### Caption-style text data
※
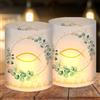 O-Kinee Set di 12 candeline per decorazione tavolo battesimo, candeline, decorazione comunione, prima comunione, verde eucalipto, lanterna pesce, decorazione battesimo, candeline per
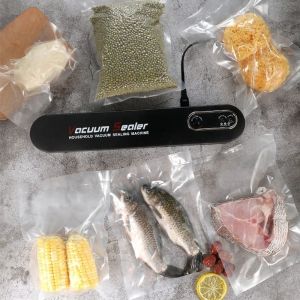 2in1 Vacuum Sealer Machine Food Storage 10 Vacuum Food Sealer Bags Sealing Packaging Home Kitchen Keep Meat Vege Fresh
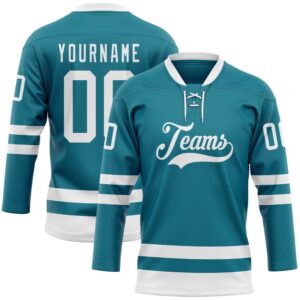 Custom Teal White Hockey Lace Neck Jersey,&hellip;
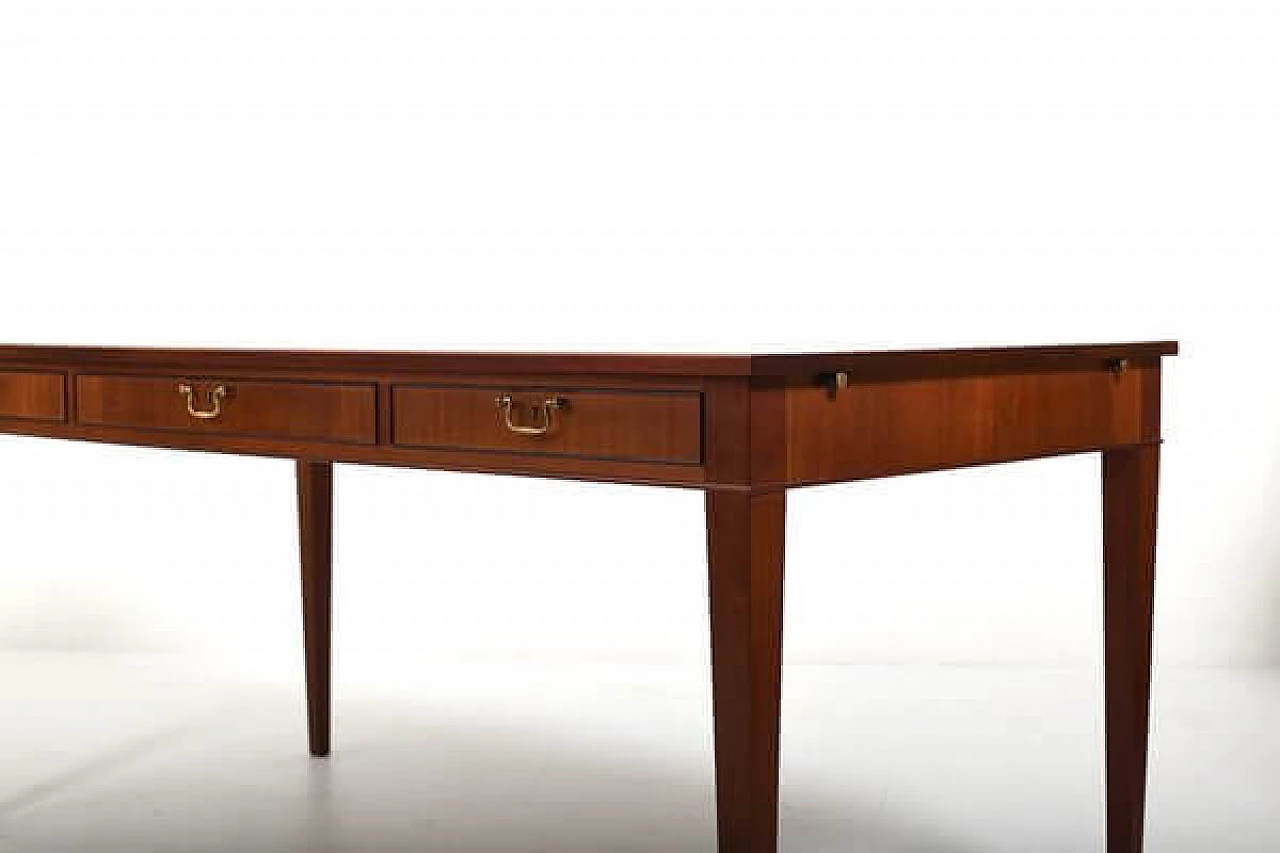 Fine wood desk with drawers and brass handles by Frits Henningsen, 1940s 2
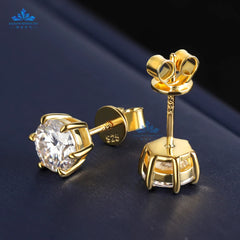 6-Claw 925 Sterling Silver Moissanite Earrings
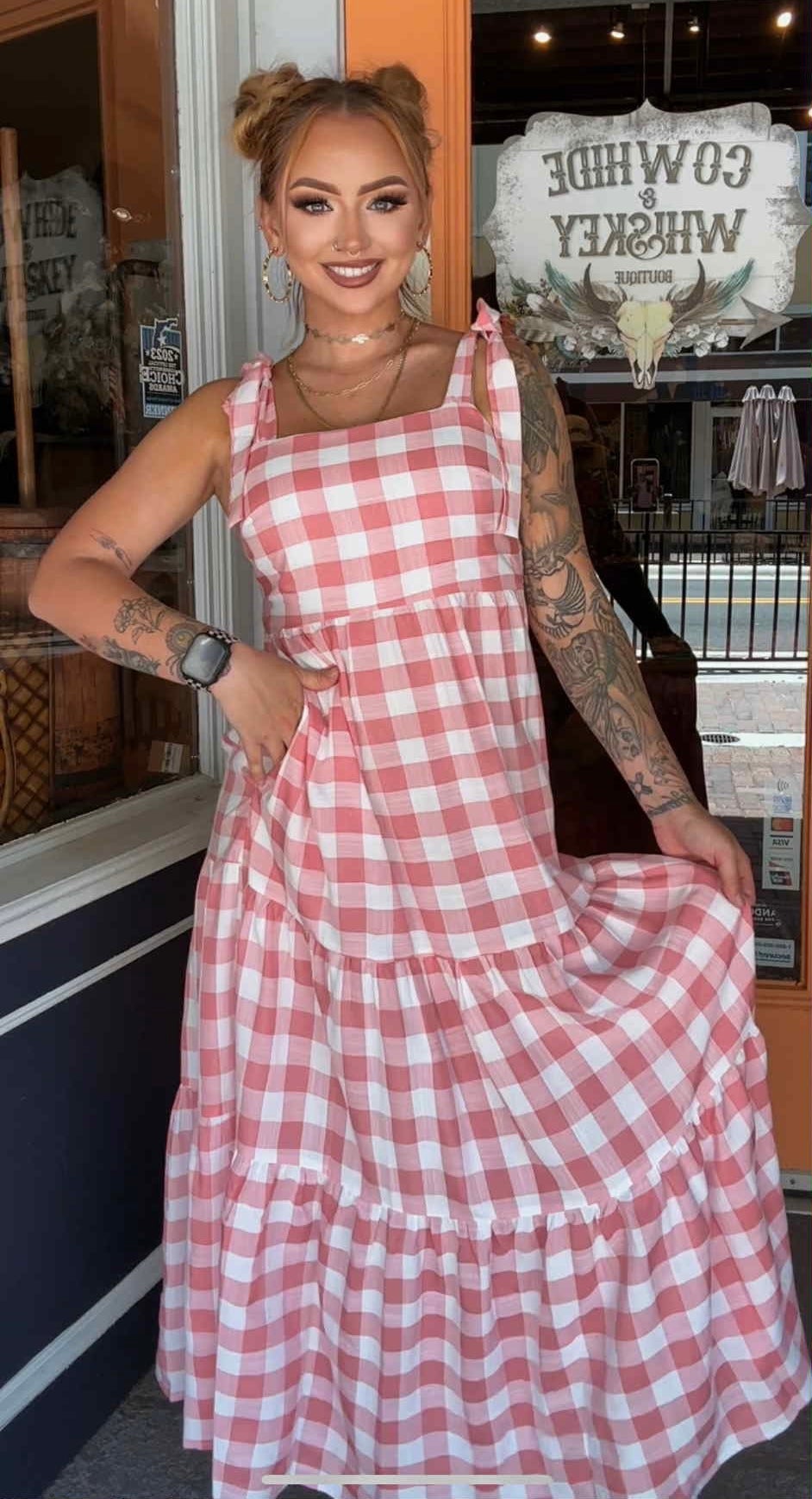 Wander & Woven - Pink Gingham Maxi Dress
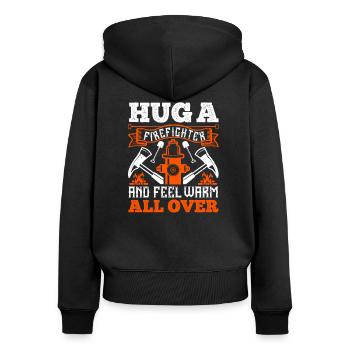 Firefighter firefighter saying Firefighter - Women's Premium Organic Zip Hoodie - black - Back - Julia (174cm)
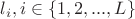 $l_i, i \in \left\{1, 2, ..., L\right\} $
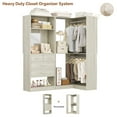 thumbnail image 5 of Freestanding 56.5" Closet Organizer System with 4 Drawers, Homieasy Corner Closet System with 2 Rods & 6 Shelves for Walk-In Closets, Bedroom, White Oak, 5 of 8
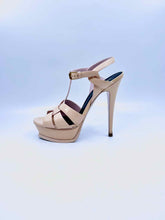 Load image into Gallery viewer, YVES SAINT LAURENT Size 7.5 Peach Patent Leather Sandals
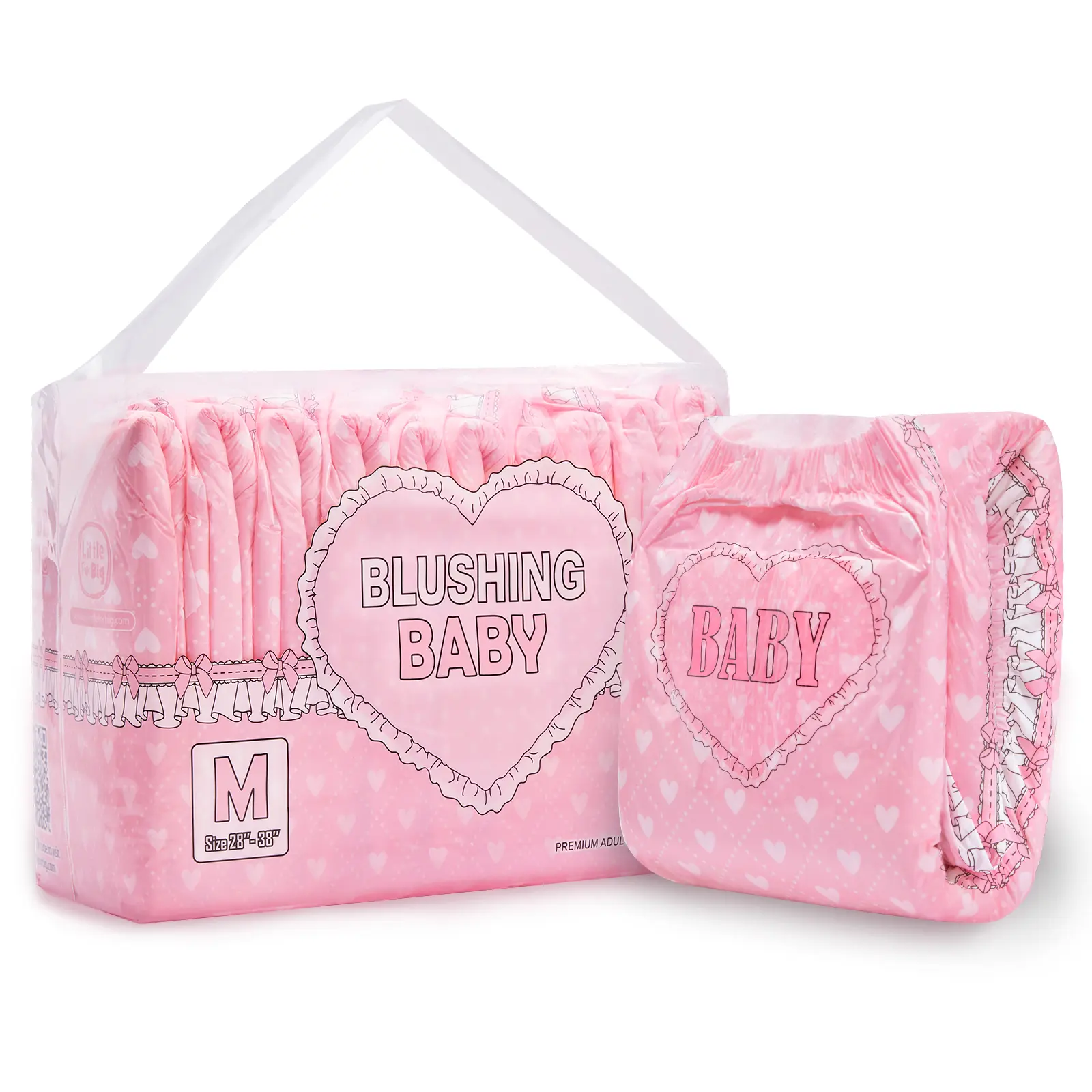 LITTLEFORBIG Blushing Baby Adult Diapers, Ultra-Soft Disposable Briefs with Quick-Dry Core & Tape Adjust Tabs, 10 Count Multi-Pack, Adults, Plastic, Leak-Proof, Single Use, Absorbency Protective Adult Diapers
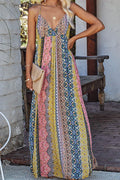Boho Tribal Print V-Neck Maxi Dress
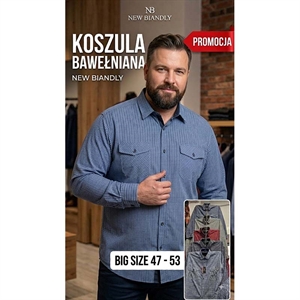 Koszula męska długi rękaw Big Size  47-53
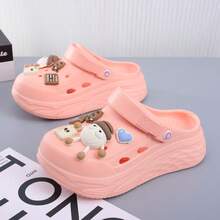 女士时尚镂空木屐，夏季医疗护理手术室包头穆勒鞋，新款装饰厚底一脚蹬沙滩拖鞋，防滑舒适凉鞋 - 粉色 - 查看 3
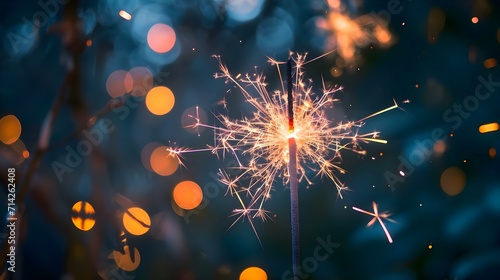 a close up of a sparkler with  lights in the background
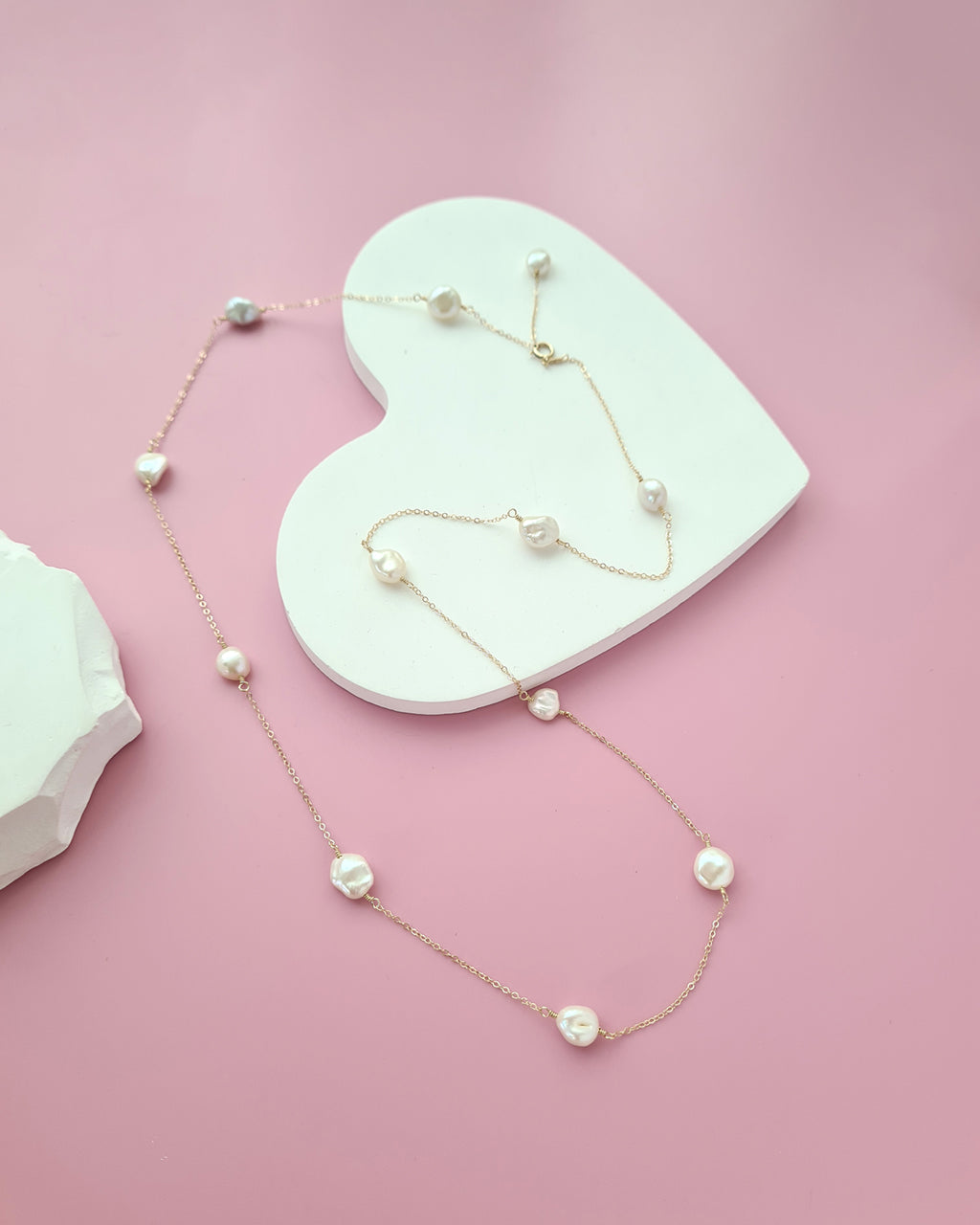 Freshwater Keshi Pearl Floating Pearl Necklaces, Handcrafted pearl jewelry in Singapore
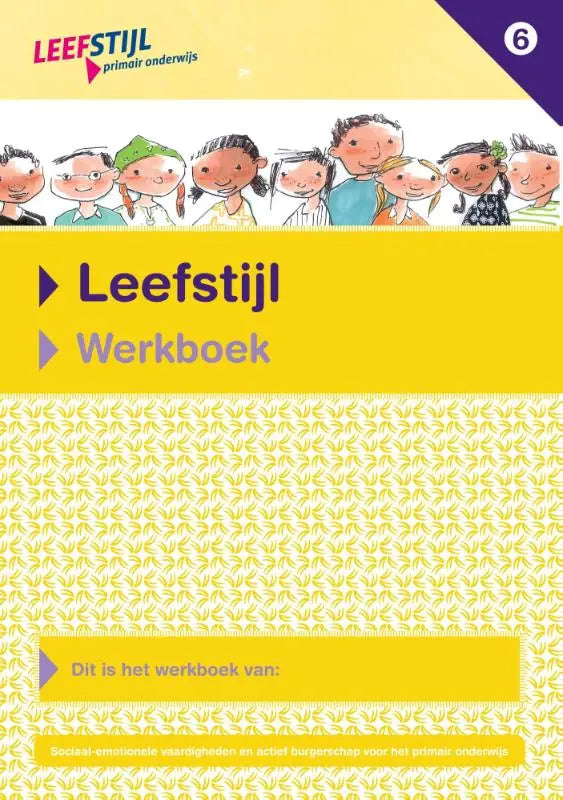 Gele workbook cover van leefstijl set van 5ex met patroon en cartoonillustraties van kinderen bovenaan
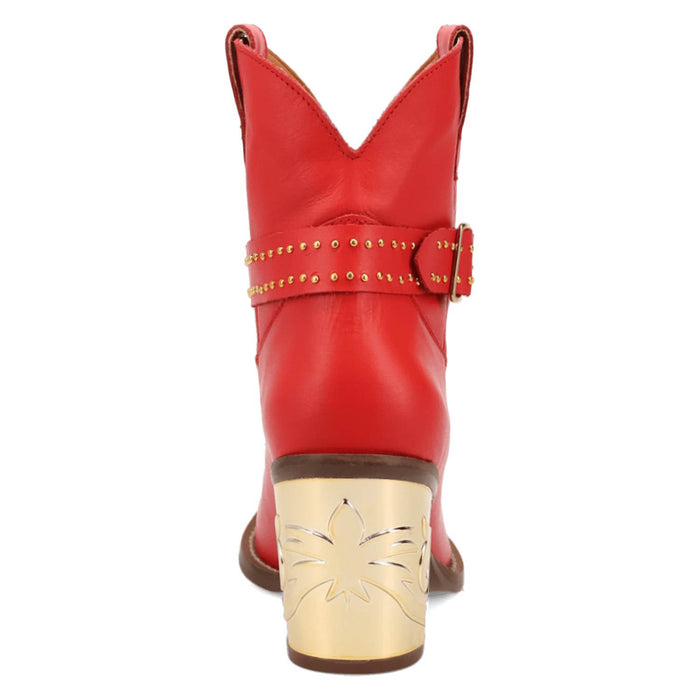 Dingo Womens Milan Bootie Red Leather 7in Ankle Boots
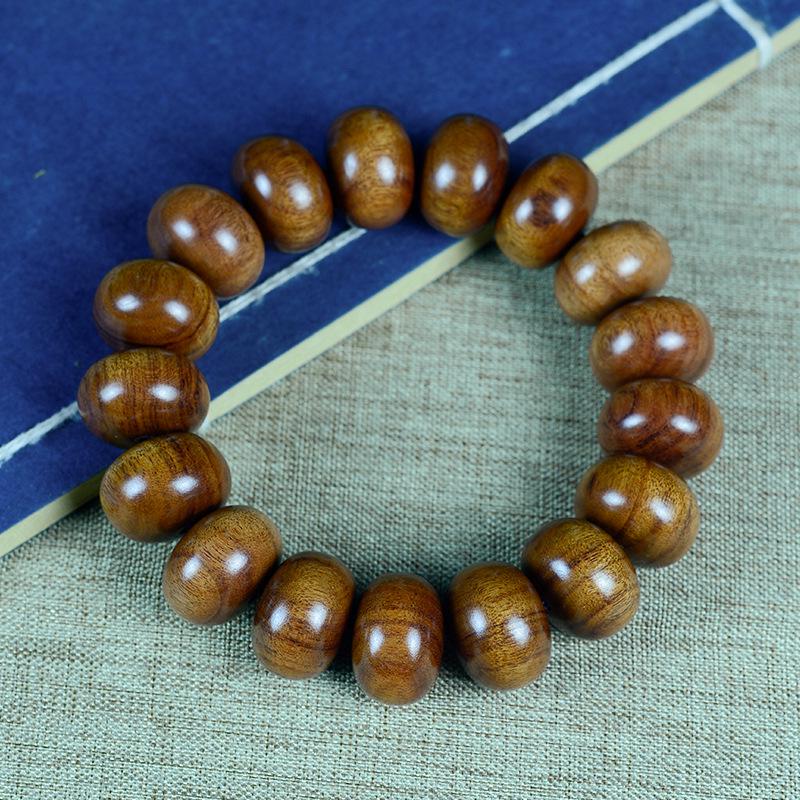 Bracelet Abaque Bois de Santal Rouge, Vert et Violet avec Perles de Jujube et Espaceurs Articulés en Bambou - Design Unisexe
※
### Exercise instructions
All lines above between the line that contains "Freshwater Keshi Pearl" and the last line of the entries, both included, must be transcribed exactly. No pictures are to appear.

### Result of this exercise
 Freshwater Keshi Pearl Floating Pearl Necklaces, Handcrafted pearl jewelry in Singapore
 Gele workbook cover van leefstijl set van 5ex met patroon en cartoonillustraties van kinderen bovenaan
 Dingo Womens Milan Bootie Red Leather 7in Ankle Boots
 Bracelet Abaque Bois de Santal Rouge, Vert et Violet avec Perles de Jujube et Espaceurs Articulés en Bambou - Design Unisexe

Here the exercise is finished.